JPY: Intervention fears clash with carry trade attractiveness JPY: Intervention fears clash with carry trade attractiveness JPY: Intervention fears clash with carry trade attractiveness

JPY: Intervention fears clash with carry trade attractiveness

Forex 5 minutes to read
Charu Chanana

Head of FX Strategy

Key points:

  • USDJPY reversed from near-158 levels that sparked intervention fears
  • Yen strength is still likely to be temporary as Fed sticks with high-for-longer
  • Low volatility summer months can fuel more carry trades, and yen remains a preferred funding currency
  • The expectations of BOJ rate hike are rising again, but this hardly erodes the carry advantage


Overview of Current USD/JPY Trends

The USD/JPY pair remains a key focus for investors as Treasury yields have surged this week due to weak auctions and the Federal Reserve's consistent message of a prolonged higher interest rate environment. The pair touched a high of 157.70 overnight, nearing the intervention level speculated to be around 158. Japanese authorities intervened near this level on May 1, and the market now views 158 as a critical point for potential intervention.

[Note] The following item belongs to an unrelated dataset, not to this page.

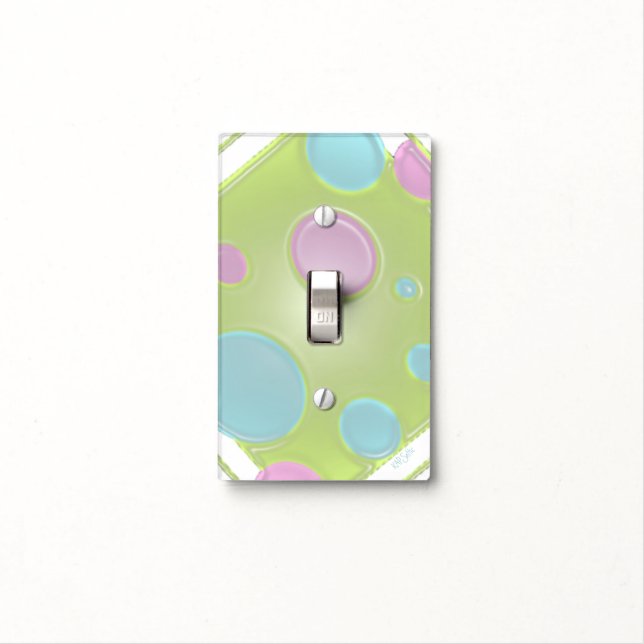 Green n Polkadots Light Switch Cover (In Situ)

The Bank of Japan (BOJ) has been relatively restrained in verbal interventions, possibly waiting for weaker U.S. economic data and a shift in Fed policy to support the yen. To gauge the risk of intervention, consider the following metrics:

  • A 10 yen/USD move within one month.
  • A 4% depreciation in the yen over two weeks.

Neither of these conditions has been met, which explains the lack of strong verbal interventions. However, caution has increased as the USD/JPY approaches the key 158 level, causing the pair to retreat below 157.

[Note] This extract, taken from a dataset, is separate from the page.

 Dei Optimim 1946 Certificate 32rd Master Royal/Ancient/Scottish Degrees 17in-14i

Japanese Yields and Yen Weakness

Recently, Japanese Government Bond (JGB) yields have climbed to their highest levels in over a decade, with the 10-year yield surpassing 1%. This rise is driven by speculation that the BOJ might raise rates again as early as July, if not June. The next BOJ announcements are scheduled for June 14 and July 31. BOJ member Adachi has noted that yen weakness is contributing to price pressures, which might prompt an earlier-than-expected rate hike.

Despite rising Japanese yields, the yen has not shown significant strength.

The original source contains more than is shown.